WHAT YOU WILL DO ::
Begin with the first line below and retype each line exactly through the line containing "Getransformeerde Greswarenfabriek in". Any pictures are to be left out.

SOURCE MATERIAL ::
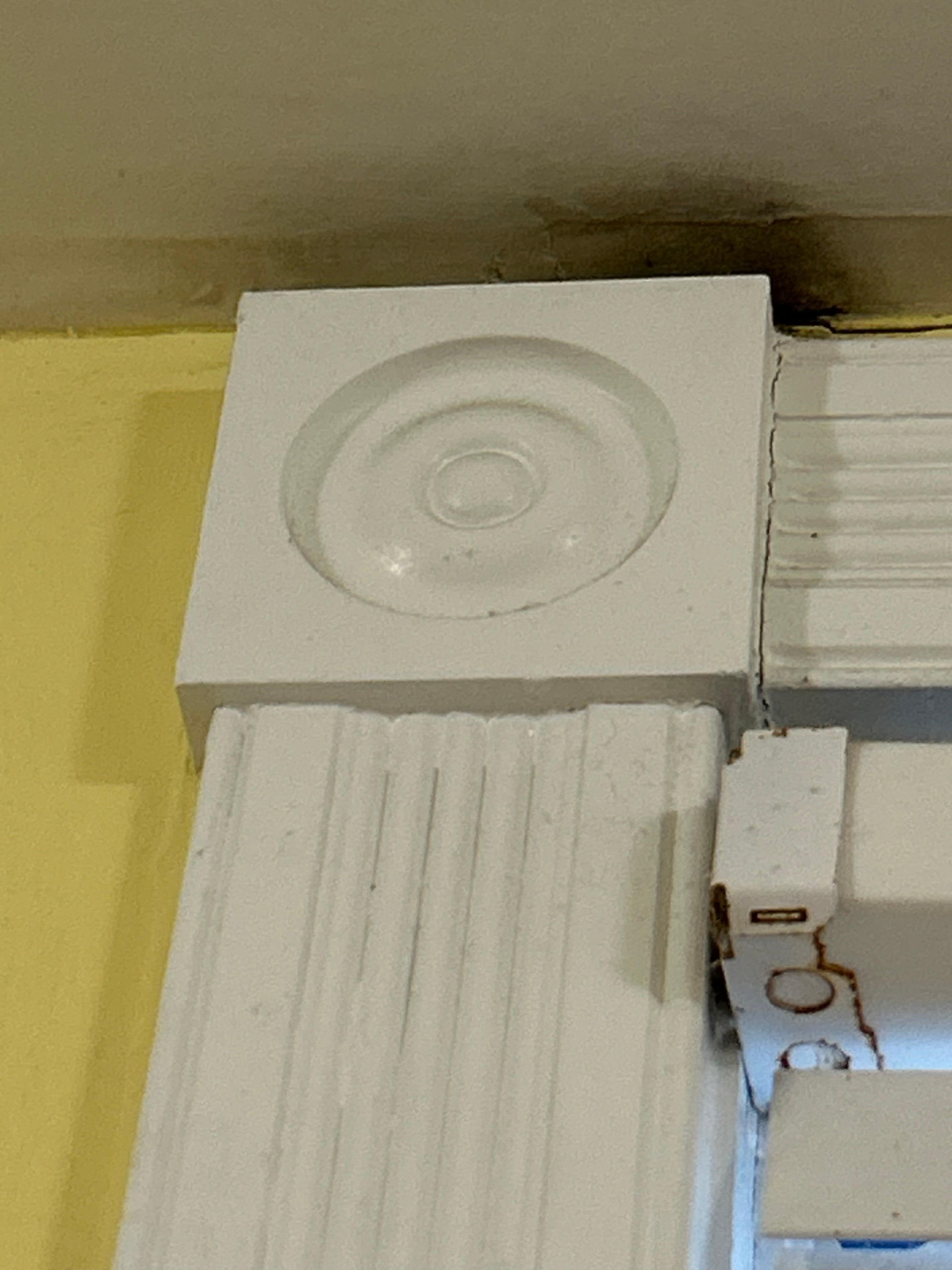 Black mold over the bedroom window near the ceiling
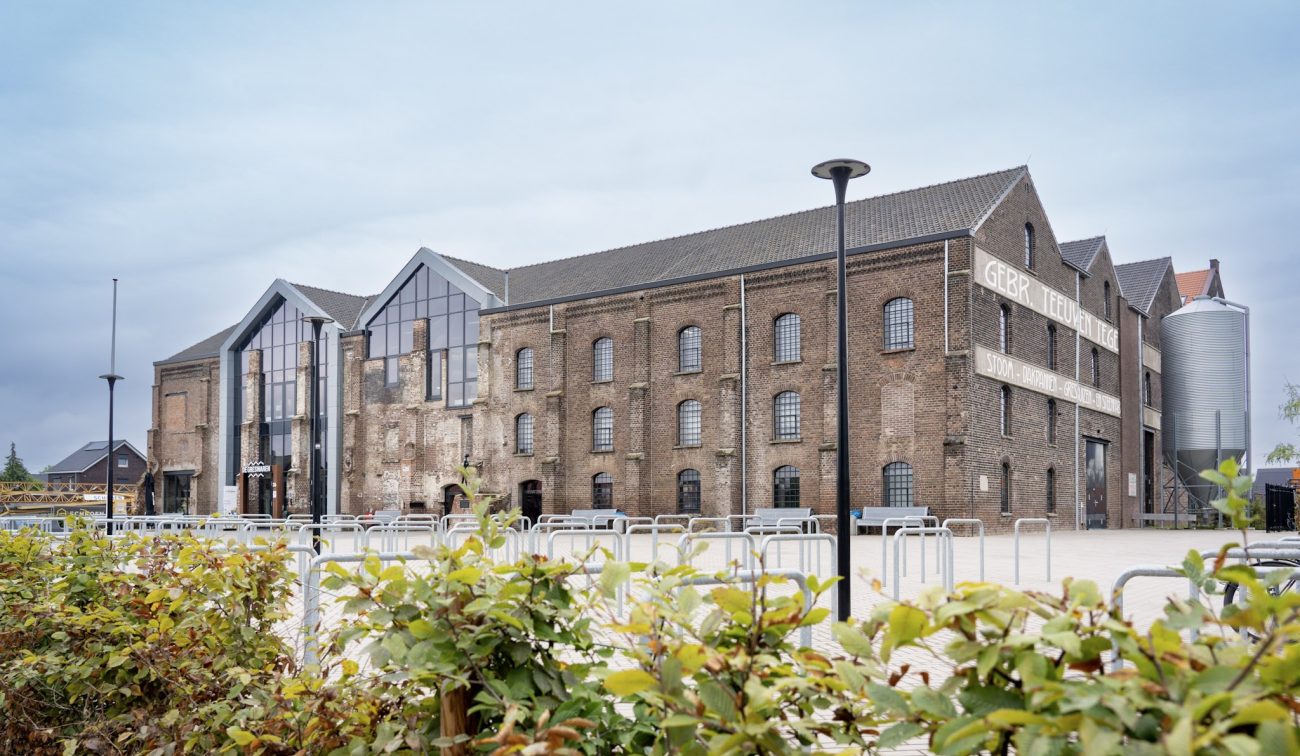 Getransformeerde Greswarenfabriek in Reuver: gerestaureerd bakstenen fabriekspand met grote glazen entree, oude gevelletters en silo aan het plein met fietsenrekken en lantaarnpalen.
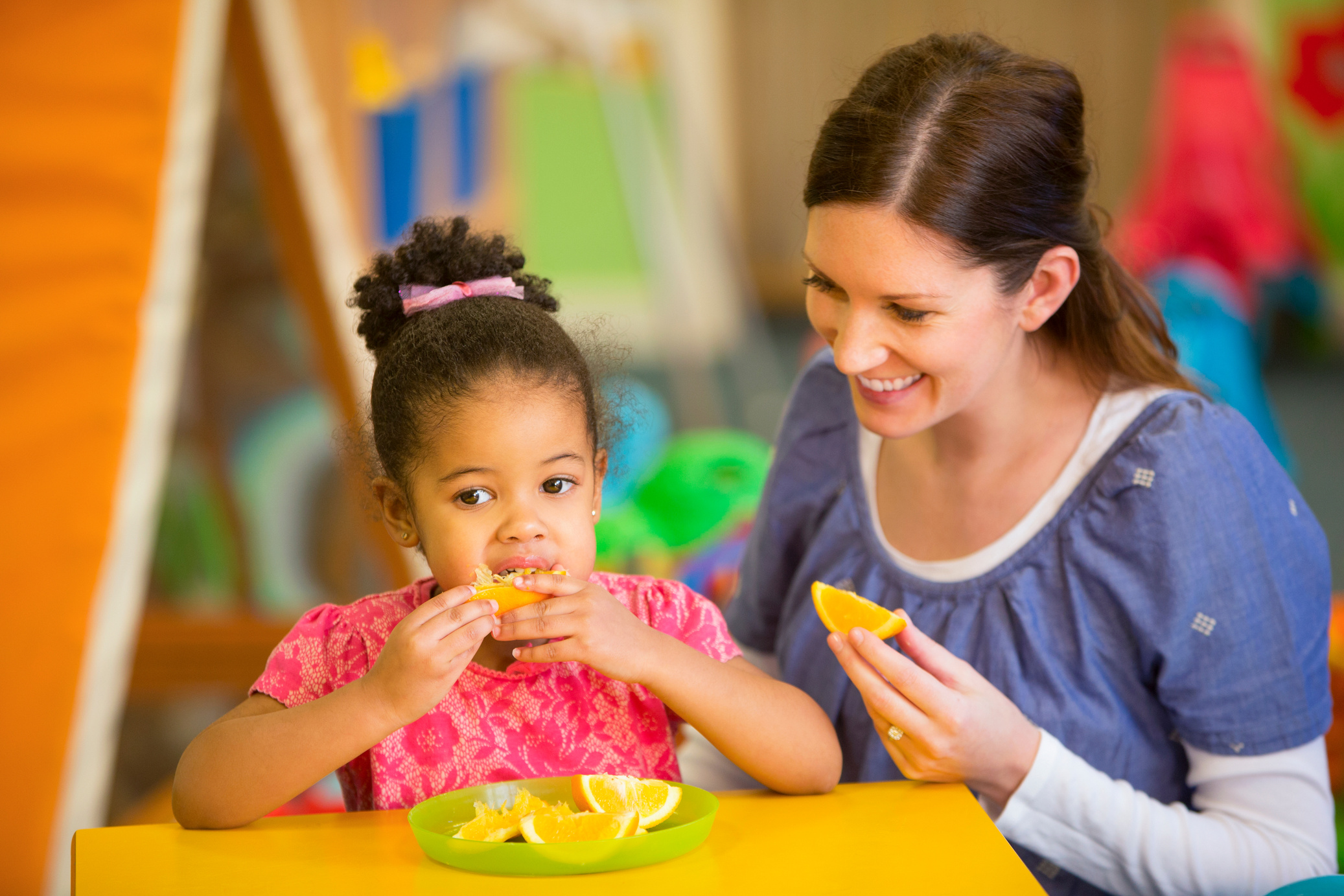 Nursery Teacher and Child Eating Oranges
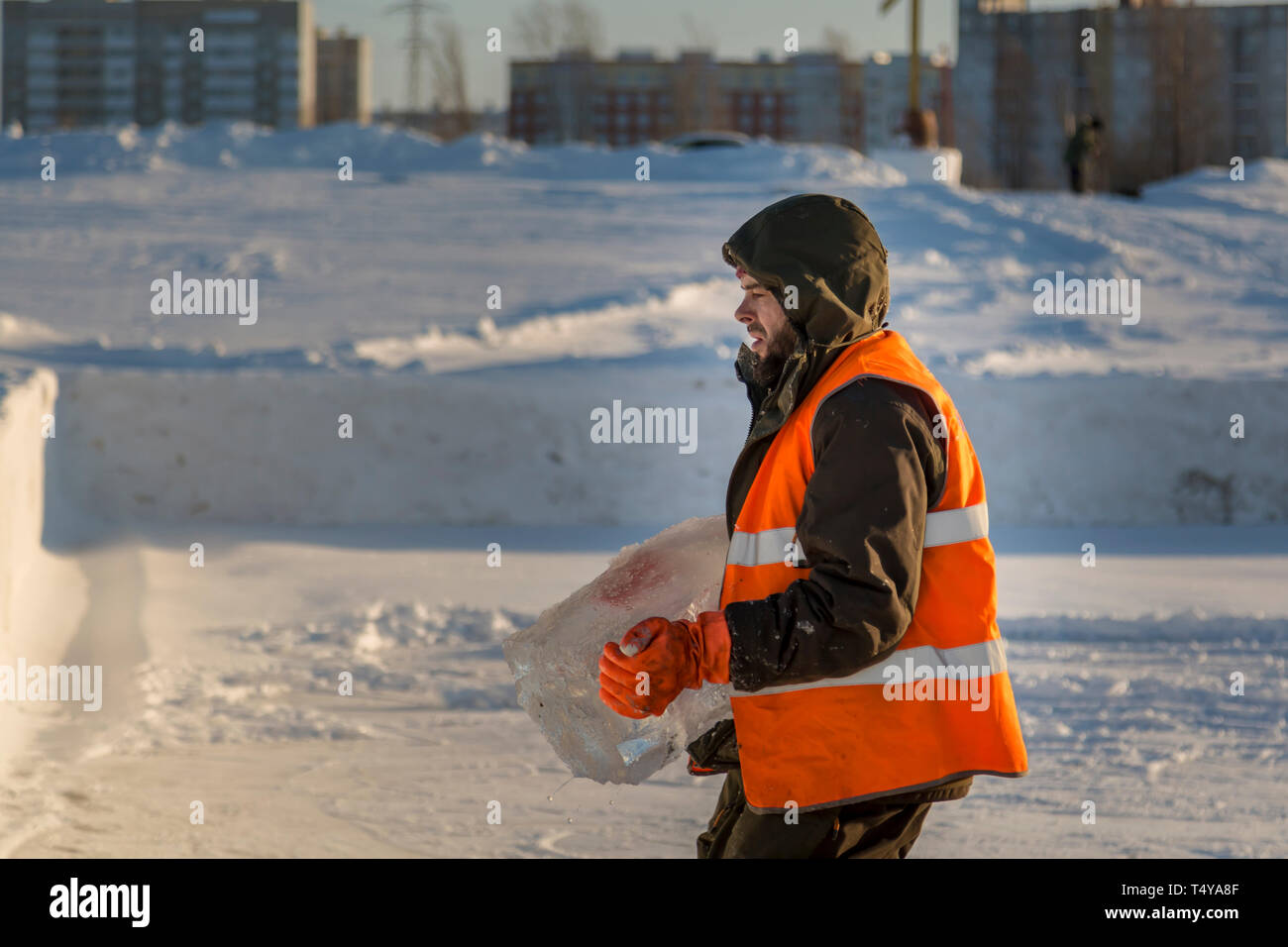 Ein Arbeiter in einem orangefarbenen Warnweste trägt einen Eisblock aus der Bohrung in der Hand. Stockfoto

OUTPUT OF THE EXERCISE ::
 Black mold over the bedroom window near the ceiling
 Getransformeerde Greswarenfabriek in Reuver: gerestaureerd bakstenen fabriekspand met grote glazen entree, oude gevelletters en silo aan het plein met fietsenrekken en lantaarnpalen.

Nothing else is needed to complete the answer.